Add the column to the dataframe

Adding a column to a pandas dataframe is simple - you just use the name of the dataframe followed by the name of the new column in single quotes within square brackets. In this case, we will create the new column and assign the calculated concentration values to that column.

samples_df['ProtConc'] = protein_conc
samples_df
Sample # A-595 ProtConc
0 1 0.183 0.065213
1 2 0.682 0.655447
2 3 0.759 0.746525
3 4 1.340 1.433750
4 5 0.935 0.954703
5 6 1.013 1.046964

Eliminating values outside the calibration curve (optional)

Notice that the calculations cover all absorbance values - python went through each row of the dataframe.

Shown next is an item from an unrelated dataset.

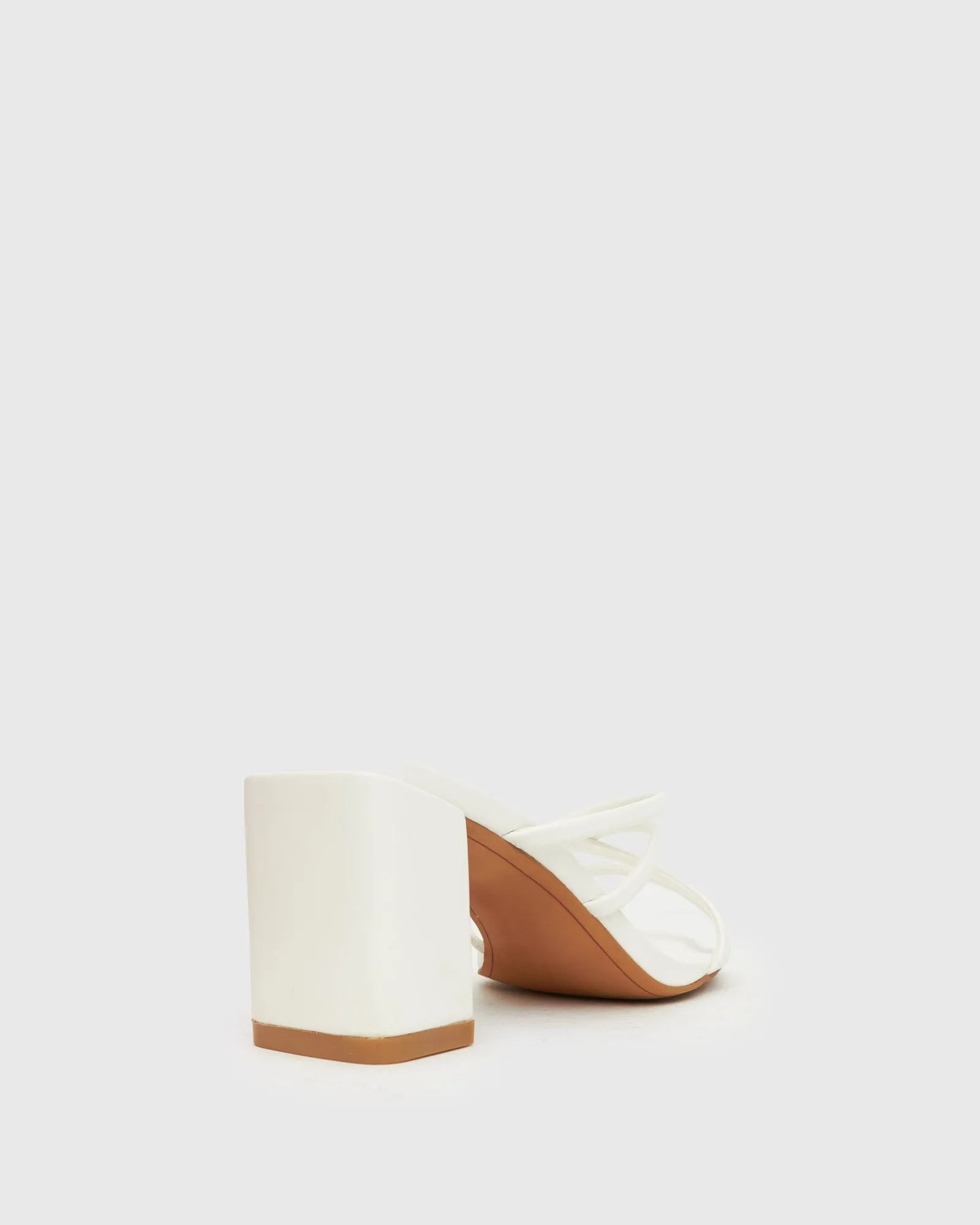 LARVA Block Heel Strappy Mules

There is one more issue we can address - the absorbance value for two of the unknown samples were outside the absorbance values of the standards. Therefore, these concentrations are not experimentally valid and should be reported as being “Out of Range”.

We can make this change in the dataframe by using loc to look sequentially at the rows in the dataframe. The syntax here tells python to work with the samples_df dataframe, look at one row at a time (loc), perform a conditional analysis of the A\(_{595}\) value on that row, and change the value for ProtConc to NaN if the A\(_{595}\) < 0.285 (the value for the lowest standard) or A\(_{595}\) > 1.118 (the value for the highest standard).

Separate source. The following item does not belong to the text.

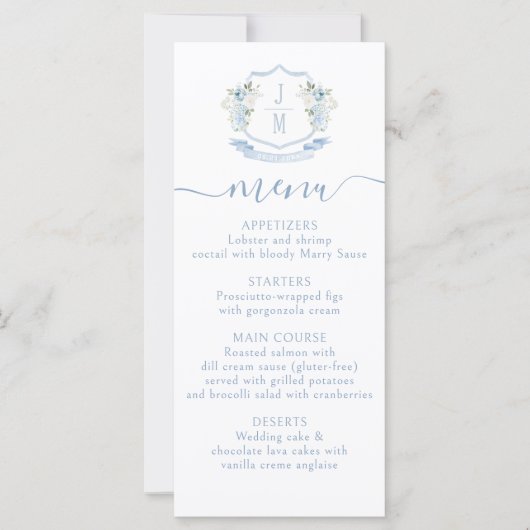 Light Blue Floral French Crest Wedding Menu Cards (正面)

np.nan is a NumPy function that results in a value of NaN (for not a number) as the output. This is typically used when there is no value in a cell, but it still preserves the datatype in that cell as a float. This is preferred to using a string such as ‘Out of Range’ which would change the datatype for those cells in the column to a string.

samples_df.loc[samples_df['A-595'] < 0.285, 'ProtConc'] = np.nan
samples_df.loc[samples_df['A-595'] > 1.118, 'ProtConc'] = np.nan
samples_df
Sample # A-595 ProtConc
0 1 0.183 NaN
1 2 0.682 0.655447
2 3 0.759 0.746525
3 4 1.340 NaN
4 5 0.935 0.954703
5 6 1.013 1.046964

Optional: Rather than hard-coding the minimum and maximum values for the calibration curve, we could also do this programmatically with the .min() and .max() functions.

samples_df.loc[samples_df['A-595'] < results_df['A-595'].min(), 'ProtConc'] = np.nan
samples_df.loc[samples_df['A-595'] > results_df['A-595'].max(), 'ProtConc'] = np.nan

Exercise

Now that you have completed a simple linear regression exercise with protein assay data, here is a problem with a slightly larger dataset, taken from a ground water survey of wells in Texas, kindly provided by Houghton-Mifflin. Using the skills you have learned with pandas and SciPy, get the linear regression statistics for the relationship between pH (dependent variable) and bicarbonate levels (ppm in well water in Texas; independent variable). The data are available in the file, Ground_water.csv in the data folder. Once complete, your output should look like this:

Slope = -0.0030521595419827677
Intercept = 8.097595134597833
R-squared = 0.1152673937227531
P value = 0.04948248037131796
Standard error = 0.0014948066523110296

The next cell is just to show that the solution to the exercise works.